## EXERCISE DIRECTIONS
Every entry below should be reproduced exactly, with all pictures left out.

## EXCERPTED RECORDS
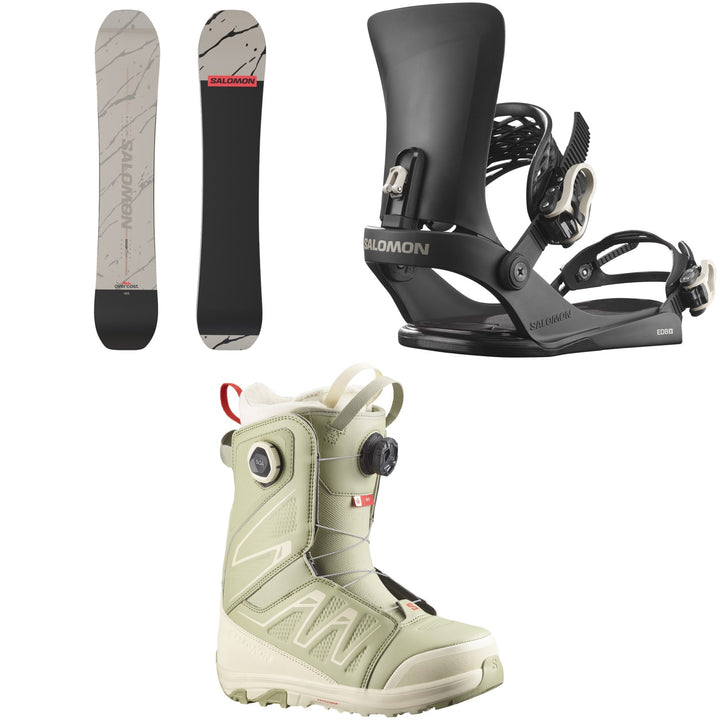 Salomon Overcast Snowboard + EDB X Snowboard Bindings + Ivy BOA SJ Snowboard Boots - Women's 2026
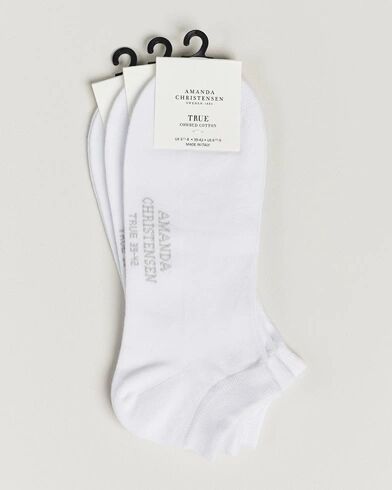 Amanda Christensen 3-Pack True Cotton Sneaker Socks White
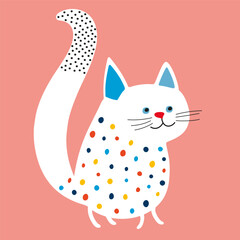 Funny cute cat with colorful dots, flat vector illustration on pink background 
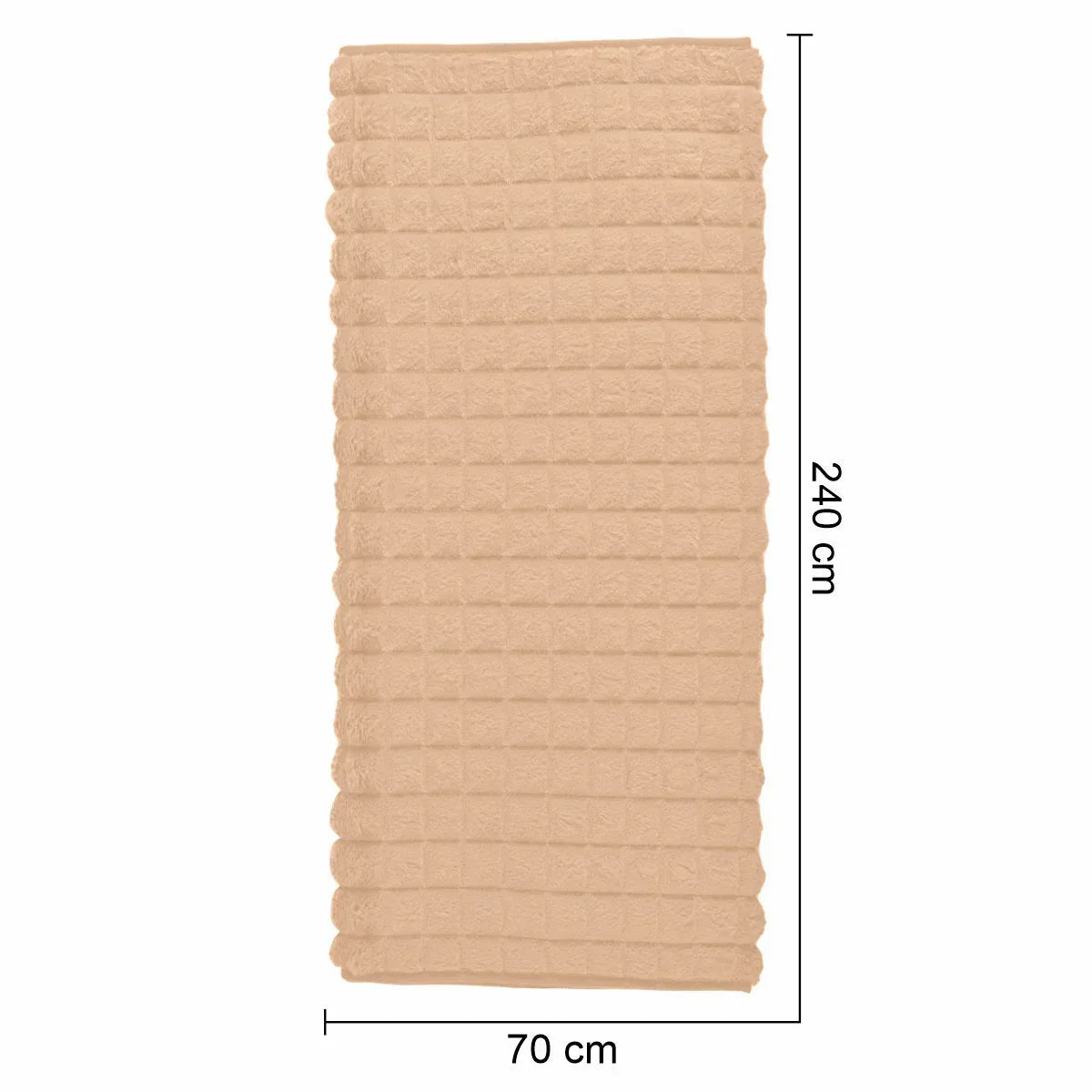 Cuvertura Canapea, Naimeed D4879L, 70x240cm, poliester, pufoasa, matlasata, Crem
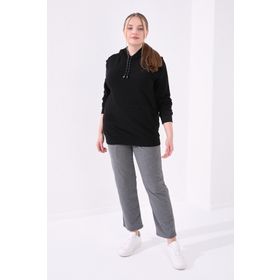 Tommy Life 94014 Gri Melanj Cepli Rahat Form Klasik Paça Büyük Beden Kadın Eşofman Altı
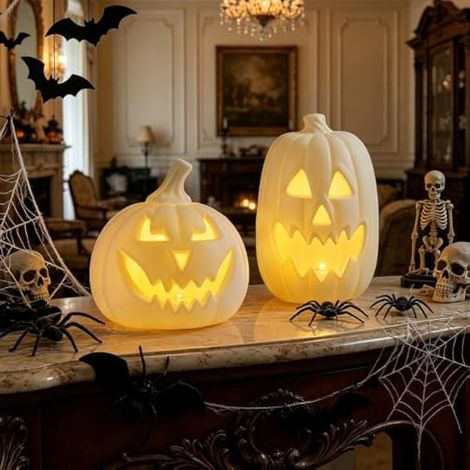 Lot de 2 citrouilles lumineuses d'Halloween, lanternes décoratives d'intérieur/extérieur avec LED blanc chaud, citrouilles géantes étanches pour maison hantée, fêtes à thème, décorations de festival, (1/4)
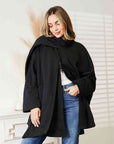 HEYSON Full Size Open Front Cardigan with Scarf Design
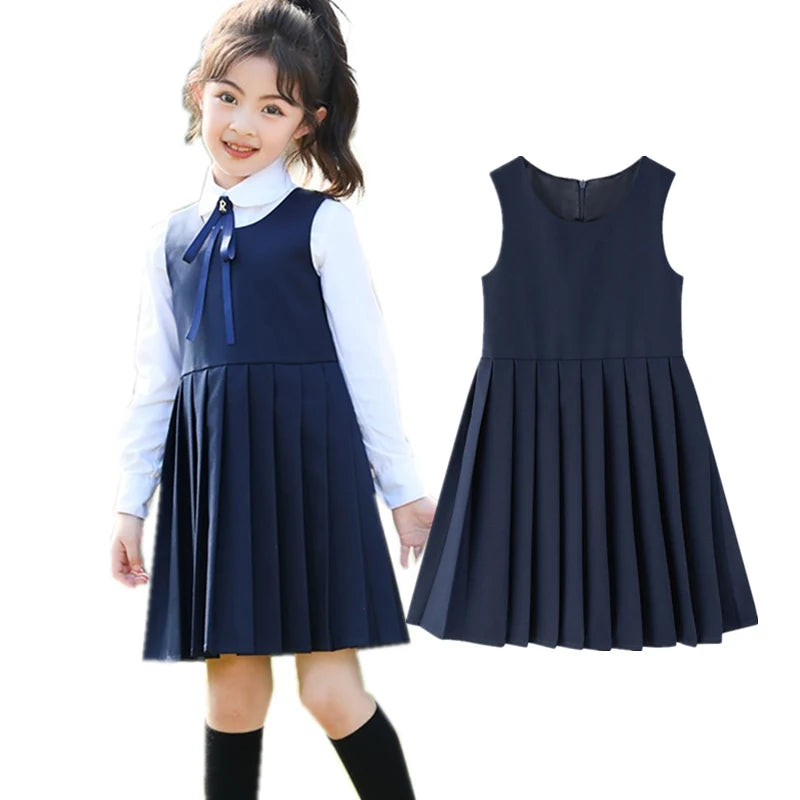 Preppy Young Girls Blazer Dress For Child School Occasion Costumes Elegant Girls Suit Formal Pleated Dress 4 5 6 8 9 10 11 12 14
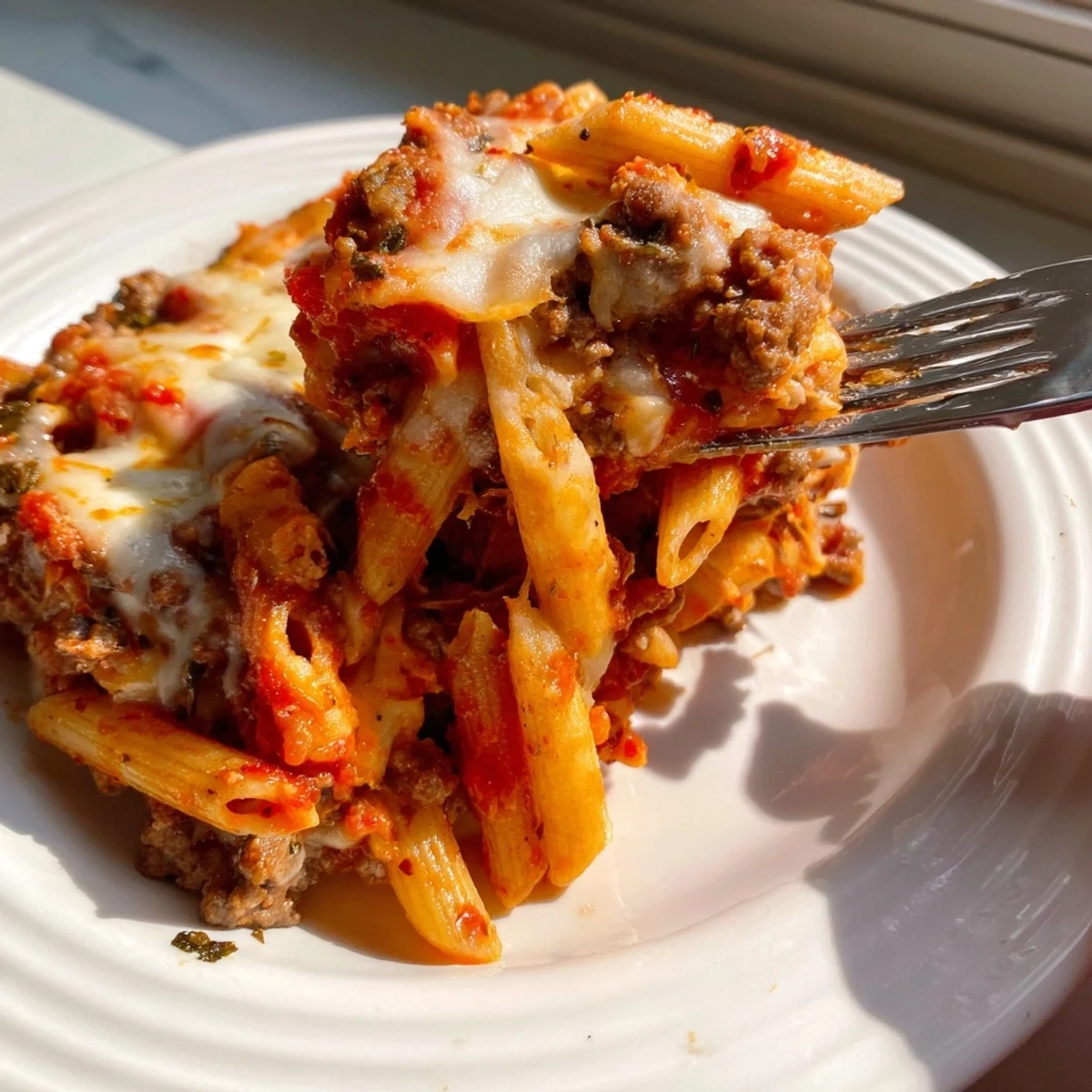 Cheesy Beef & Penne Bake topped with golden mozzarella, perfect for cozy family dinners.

## ANSWER SECTION
 Salomon Overcast Snowboard + EDB X Snowboard Bindings + Ivy BOA SJ Snowboard Boots - Women's 2026
 Amanda Christensen 3-Pack True Cotton Sneaker Socks White
 Funny cute cat with colorful dots, flat vector illustration on pink background 
 Cuvertura Canapea, Naimeed D4879L, 70x240cm, poliester, pufoasa, matlasata, Crem
 Tommy Life 94014 Gri Melanj Cepli Rahat Form Klasik Paça Büyük Beden Kadın Eşofman Altı
 Lot de 2 citrouilles lumineuses d'Halloween, lanternes décoratives d'intérieur/extérieur avec LED blanc chaud, citrouilles géantes étanches pour maison hantée, fêtes à thème, décorations de festival, (1/4)
 HEYSON Full Size Open Front Cardigan with Scarf Design
 Preppy Young Girls Blazer Dress For Child School Occasion Costumes Elegant Girls Suit Formal Pleated Dress 4 5 6 8 9 10 11 12 14
 Cheesy Beef & Penne Bake topped with golden mozzarella, perfect for cozy family dinners.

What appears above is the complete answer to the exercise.